UK consumer group slams Apple, Microsoft, Symantec & more

The National Consumer Council (NCC) has referred 17 software manufacturers to the Office of Fair Trading following an investigation (PDF link) into End User Licence Agreements.

The NCC investigation bought 25 individual items of software and followed the standard installation process, while its legal team studied the terms and conditions attached to each piece of software.

In many cases, the agreements were found to encroach upon or nullify a user's legal rights under statutory consumer law. The user agreeing to a licence agreement on a given piece of software could effectively be signing away their wider legal rights, shifting the legal burden away from the software creator onto themselves.

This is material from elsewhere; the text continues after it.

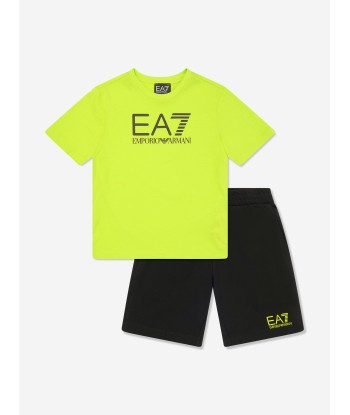 EA7 Emporio Armani Boys Logo Short Set in Green Découvrez la collection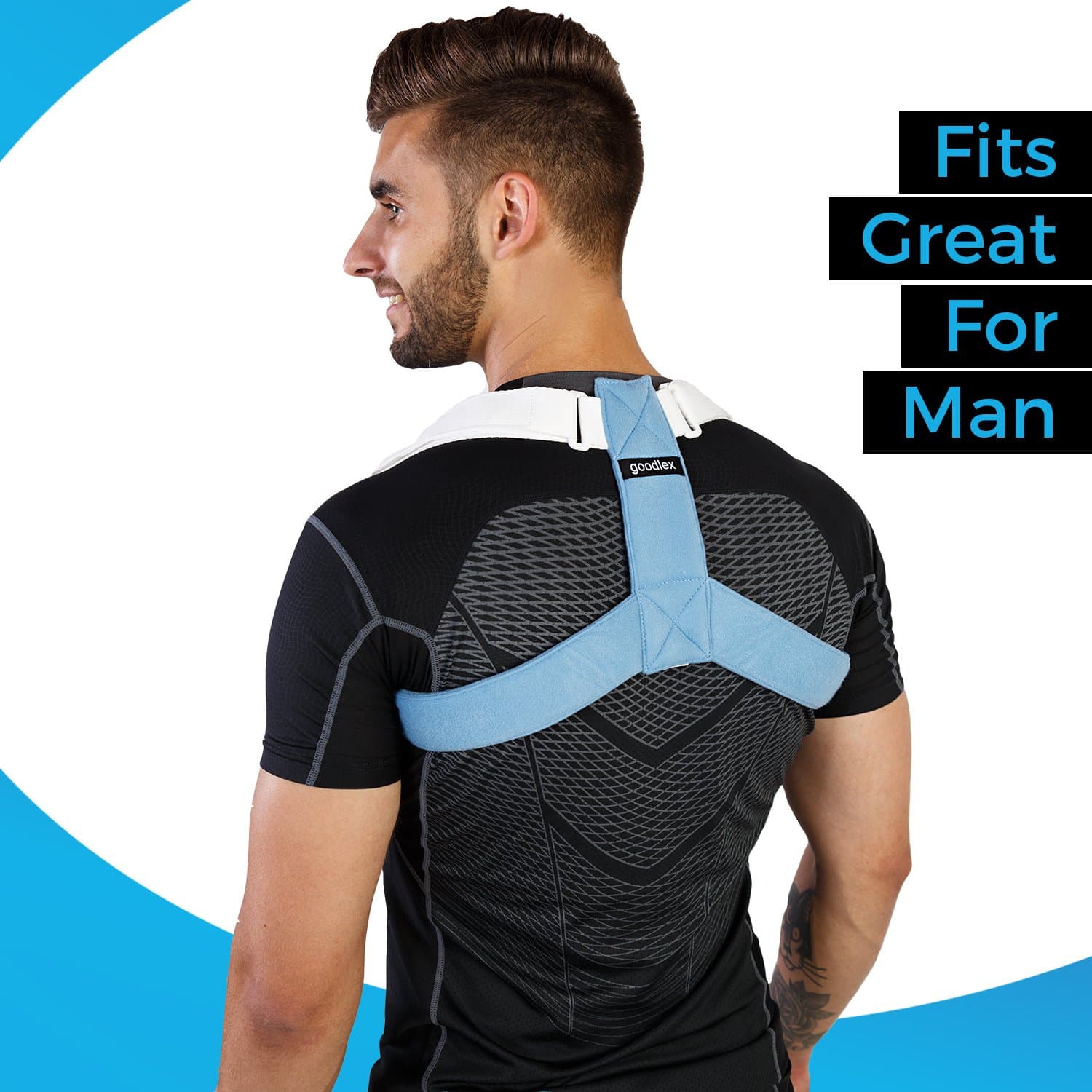 Goodlex Posture Corrector Back & Shoulder Adjustable & Padded Brace for Men & Women | Align Your Spine, Eliminate Slouching & Hunching, Relieve Discomfort & Prevent Injury (M)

Some consumers don't have a clue

The NCC investigation also discovered how many licence agreements are overly long in length and cloaked in impenetrable legal jargon making them virtually unreadable.

“Consumers can’t have a clue what they’re signing up to when some terms and conditions run to 10 or more pages,” explained NCC senior policy advocate Carl Belgrove.

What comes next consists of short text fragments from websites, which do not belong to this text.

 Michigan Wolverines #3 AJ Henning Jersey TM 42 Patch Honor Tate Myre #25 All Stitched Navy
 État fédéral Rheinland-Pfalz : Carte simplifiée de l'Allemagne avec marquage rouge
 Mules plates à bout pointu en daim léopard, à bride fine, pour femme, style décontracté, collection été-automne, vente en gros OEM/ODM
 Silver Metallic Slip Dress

Furthermore, the NCC survey also discovered how many manufacturers hide the requirement to sign a licence agreement from the purchaser. On 14 of the items tested there was found to be no clear warning on the outer packaging of the product that the user would have to sign a legal agreement before being allowed to install the software.

The 17 companies NCC has referred to the OFT for investigation are: Adobe, Microsoft, Apple, Chief Architect, Symantec, Magix, Nero, Corel, Sega, Nova Development, Britannica, Sonic Solutions, Twelve Tone Systems, THQ, GSP, McAfee, and Kaspersky.